US House Rep Dana Rohrabacher: Mr. Ackerman and I weren't always on good terms. I argued the case for supporting President Bush with his efforts in Iraq with Mr. Ackerman numerous times and I was wrong. Thank you, Mr. Ackerman. This has been a waste of our lives and our money.
And later in the hearing, he would add, "I hope that someone's listening because I wasn't listening years ago when I berated Mr. Ackerman."
And that moment is the sort that a Howard Zinn type would include 40 years from now in a history of the US but most Americans are unaware it even took place because it didn't get covered in the press.
8 e-mails wanted to know what people are supposed to do?

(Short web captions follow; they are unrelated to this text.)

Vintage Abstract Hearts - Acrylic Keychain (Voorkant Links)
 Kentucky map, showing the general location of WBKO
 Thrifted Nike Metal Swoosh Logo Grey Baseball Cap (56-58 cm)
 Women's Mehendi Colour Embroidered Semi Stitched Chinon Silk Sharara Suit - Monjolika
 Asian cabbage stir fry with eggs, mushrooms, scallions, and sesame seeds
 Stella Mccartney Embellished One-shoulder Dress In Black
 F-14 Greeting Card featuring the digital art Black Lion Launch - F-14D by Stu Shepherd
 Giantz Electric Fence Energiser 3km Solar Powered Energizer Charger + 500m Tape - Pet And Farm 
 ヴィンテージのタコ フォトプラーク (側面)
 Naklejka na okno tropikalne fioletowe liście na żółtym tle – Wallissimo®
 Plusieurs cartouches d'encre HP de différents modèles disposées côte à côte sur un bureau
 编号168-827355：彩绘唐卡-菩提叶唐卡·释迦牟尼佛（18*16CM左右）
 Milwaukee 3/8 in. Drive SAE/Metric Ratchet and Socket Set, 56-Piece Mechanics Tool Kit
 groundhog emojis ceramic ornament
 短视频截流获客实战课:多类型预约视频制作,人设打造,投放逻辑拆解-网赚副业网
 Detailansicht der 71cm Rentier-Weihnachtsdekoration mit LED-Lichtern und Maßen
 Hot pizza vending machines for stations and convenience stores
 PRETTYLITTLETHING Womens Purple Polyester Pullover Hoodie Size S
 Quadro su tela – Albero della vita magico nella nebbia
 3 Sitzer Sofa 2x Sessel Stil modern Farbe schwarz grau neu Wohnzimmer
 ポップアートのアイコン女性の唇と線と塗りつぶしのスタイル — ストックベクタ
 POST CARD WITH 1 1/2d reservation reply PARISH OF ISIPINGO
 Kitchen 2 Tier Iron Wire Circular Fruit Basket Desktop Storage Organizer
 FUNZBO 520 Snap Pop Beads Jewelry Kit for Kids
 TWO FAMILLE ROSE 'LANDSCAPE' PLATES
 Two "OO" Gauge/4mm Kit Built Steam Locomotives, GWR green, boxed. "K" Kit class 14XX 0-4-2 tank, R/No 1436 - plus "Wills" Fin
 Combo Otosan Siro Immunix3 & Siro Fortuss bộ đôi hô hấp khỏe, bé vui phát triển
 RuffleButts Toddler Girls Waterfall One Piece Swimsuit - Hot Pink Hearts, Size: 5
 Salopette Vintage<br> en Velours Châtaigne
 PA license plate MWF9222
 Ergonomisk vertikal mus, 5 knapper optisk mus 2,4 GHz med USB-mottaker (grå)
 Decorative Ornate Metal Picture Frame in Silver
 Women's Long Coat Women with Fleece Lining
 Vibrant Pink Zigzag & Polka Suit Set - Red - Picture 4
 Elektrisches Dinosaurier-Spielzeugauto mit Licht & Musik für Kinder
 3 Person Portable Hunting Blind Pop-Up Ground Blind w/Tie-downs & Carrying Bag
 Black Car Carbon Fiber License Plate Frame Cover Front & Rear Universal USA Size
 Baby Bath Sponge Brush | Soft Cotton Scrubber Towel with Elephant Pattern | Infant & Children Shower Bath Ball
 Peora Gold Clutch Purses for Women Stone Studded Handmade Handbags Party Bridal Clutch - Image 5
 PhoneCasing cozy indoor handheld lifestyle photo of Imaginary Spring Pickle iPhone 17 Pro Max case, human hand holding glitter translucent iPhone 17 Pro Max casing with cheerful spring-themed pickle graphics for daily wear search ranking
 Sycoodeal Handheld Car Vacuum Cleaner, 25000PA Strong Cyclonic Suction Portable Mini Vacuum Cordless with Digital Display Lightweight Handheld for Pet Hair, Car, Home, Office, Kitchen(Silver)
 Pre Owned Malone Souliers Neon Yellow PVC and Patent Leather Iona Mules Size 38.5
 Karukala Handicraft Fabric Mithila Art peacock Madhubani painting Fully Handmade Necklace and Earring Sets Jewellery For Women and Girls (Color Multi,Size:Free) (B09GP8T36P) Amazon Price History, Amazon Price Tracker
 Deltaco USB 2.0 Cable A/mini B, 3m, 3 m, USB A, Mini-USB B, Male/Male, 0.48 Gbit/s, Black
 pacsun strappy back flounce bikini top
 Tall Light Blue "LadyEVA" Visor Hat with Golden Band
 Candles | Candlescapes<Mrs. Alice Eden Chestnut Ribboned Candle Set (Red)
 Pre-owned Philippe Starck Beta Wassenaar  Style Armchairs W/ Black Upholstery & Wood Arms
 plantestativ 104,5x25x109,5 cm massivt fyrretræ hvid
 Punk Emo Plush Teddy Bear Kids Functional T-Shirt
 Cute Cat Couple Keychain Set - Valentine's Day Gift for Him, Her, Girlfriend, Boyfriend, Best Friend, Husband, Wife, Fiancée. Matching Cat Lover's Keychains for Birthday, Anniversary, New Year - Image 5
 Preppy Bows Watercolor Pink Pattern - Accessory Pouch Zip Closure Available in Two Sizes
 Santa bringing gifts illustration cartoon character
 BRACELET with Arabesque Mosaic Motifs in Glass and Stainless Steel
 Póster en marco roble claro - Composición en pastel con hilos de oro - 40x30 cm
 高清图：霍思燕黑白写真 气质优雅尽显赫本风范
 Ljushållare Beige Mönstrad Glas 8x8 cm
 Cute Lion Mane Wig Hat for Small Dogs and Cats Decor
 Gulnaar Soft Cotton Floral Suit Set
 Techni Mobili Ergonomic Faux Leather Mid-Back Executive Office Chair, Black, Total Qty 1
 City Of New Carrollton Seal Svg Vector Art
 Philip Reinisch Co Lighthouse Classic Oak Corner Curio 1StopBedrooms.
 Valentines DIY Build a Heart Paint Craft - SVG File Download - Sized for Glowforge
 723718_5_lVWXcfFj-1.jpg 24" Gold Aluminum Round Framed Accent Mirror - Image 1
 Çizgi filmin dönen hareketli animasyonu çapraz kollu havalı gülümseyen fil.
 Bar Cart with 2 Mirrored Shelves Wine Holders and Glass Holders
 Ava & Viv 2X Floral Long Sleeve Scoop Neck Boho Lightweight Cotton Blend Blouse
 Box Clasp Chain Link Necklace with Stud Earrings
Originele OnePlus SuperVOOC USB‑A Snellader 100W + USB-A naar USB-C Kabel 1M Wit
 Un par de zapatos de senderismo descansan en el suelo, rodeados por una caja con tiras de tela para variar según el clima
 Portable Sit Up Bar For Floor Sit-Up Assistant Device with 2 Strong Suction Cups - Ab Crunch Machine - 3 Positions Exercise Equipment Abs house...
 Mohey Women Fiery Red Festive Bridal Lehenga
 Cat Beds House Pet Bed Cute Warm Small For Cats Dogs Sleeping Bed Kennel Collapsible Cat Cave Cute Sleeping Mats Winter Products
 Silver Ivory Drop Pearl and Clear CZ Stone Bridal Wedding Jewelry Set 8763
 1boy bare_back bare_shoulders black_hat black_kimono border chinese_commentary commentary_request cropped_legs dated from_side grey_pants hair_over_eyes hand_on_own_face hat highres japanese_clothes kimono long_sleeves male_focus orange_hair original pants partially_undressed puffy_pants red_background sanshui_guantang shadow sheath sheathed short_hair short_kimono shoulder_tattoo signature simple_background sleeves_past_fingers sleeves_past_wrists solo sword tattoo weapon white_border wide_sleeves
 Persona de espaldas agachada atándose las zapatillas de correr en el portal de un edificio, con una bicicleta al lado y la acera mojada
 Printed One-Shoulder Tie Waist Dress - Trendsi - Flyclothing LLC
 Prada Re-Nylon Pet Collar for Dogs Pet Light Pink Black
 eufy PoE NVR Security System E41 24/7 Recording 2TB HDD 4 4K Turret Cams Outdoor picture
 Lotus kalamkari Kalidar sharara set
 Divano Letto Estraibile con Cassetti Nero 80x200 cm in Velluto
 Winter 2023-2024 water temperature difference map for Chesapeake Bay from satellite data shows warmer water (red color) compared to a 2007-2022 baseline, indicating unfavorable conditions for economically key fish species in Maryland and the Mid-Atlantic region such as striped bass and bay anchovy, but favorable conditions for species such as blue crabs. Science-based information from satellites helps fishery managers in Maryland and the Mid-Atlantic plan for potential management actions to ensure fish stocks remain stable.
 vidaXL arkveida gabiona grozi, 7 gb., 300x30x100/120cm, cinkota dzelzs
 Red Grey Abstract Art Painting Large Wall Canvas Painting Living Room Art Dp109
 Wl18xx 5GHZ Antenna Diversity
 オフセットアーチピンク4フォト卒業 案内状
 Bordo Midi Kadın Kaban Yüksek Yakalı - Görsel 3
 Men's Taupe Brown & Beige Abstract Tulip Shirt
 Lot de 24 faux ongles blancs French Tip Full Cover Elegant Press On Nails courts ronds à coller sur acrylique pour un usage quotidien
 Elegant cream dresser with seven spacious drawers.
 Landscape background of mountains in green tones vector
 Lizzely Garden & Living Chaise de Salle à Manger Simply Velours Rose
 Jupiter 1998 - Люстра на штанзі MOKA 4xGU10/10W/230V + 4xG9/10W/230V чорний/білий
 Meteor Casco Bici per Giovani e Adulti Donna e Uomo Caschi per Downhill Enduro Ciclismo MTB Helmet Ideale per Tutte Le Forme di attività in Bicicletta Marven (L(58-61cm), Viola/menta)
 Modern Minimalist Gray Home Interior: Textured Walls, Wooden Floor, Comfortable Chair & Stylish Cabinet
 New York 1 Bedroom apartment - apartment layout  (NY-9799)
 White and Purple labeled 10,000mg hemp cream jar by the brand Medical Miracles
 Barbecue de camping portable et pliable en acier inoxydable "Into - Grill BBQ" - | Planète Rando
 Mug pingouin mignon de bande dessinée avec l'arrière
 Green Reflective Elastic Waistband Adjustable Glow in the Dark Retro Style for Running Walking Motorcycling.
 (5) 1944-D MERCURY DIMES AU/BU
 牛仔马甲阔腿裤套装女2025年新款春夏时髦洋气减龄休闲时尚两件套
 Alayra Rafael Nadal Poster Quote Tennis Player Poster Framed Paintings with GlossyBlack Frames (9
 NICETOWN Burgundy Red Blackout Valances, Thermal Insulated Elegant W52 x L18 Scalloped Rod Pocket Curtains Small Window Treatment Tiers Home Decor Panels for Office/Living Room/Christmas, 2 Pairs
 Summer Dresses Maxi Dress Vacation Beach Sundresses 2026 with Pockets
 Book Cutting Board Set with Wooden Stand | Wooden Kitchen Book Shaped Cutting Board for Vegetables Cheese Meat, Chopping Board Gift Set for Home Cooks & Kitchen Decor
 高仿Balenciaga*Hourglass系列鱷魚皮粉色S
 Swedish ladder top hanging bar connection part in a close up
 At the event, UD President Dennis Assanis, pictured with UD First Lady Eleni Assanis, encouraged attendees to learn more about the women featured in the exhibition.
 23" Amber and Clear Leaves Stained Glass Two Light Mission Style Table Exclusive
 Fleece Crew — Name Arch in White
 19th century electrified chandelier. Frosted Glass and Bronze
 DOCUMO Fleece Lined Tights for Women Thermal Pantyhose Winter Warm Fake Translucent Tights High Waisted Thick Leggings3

Why don't you, here's a thought, take that energy you used for your e-mail and e-mail The Nation or The Progressive and ask them why they don't ask their writers to stop writing the useless pop-culture crap (that they're not qualified to write) and quit chasing the day's water cooler topic and actually originate something. I understand CSPAN plays hearings live. I know most Congressional Committees post their hearings to their websites. So ask Katrina vanden Heuvel and Matthew Rothschild who's really being served by the snark with a side order of pop-cult that they serve up every day? No one is.
I also don't understand why you'd want to be a follower. We've stood out online because this is an original community with diverse interests. On my end, because I listen to those interests and also because I don't want to be anyone else or be like anyone else.
It's very sad and very telling to grasp that so-called 'independent' media in this country (Pacifica Radio, The Nation, The Progressive, etc.) has the need to run with a pack and can't offer originality or anything of real value. Another reason circulation has plummeted for The Nation and The Progressive is that there's not much difference between the two. That's worst for The Progressive because it sits on a shelf all month waiting for someone to buy it, someone who probably's already read the same spin on the same topics in the weekly Nation.
It's over, I'm done writing songs about love
There's a war going on
So I'm holding my gun with a strap and a glove
And I'm writing a song about war
And it goes
Na na na na na na na
I hate the war
Na na na na na na na
I hate the war
Na na na na na na na
I hate the war
Oh oh oh oh
-- "I Hate The War" (written by Greg Goldberg, on The Ballet's Mattachine!)
The number of US service members the Dept of Defense states died in the Iraq War is [PDF format warning] 4488.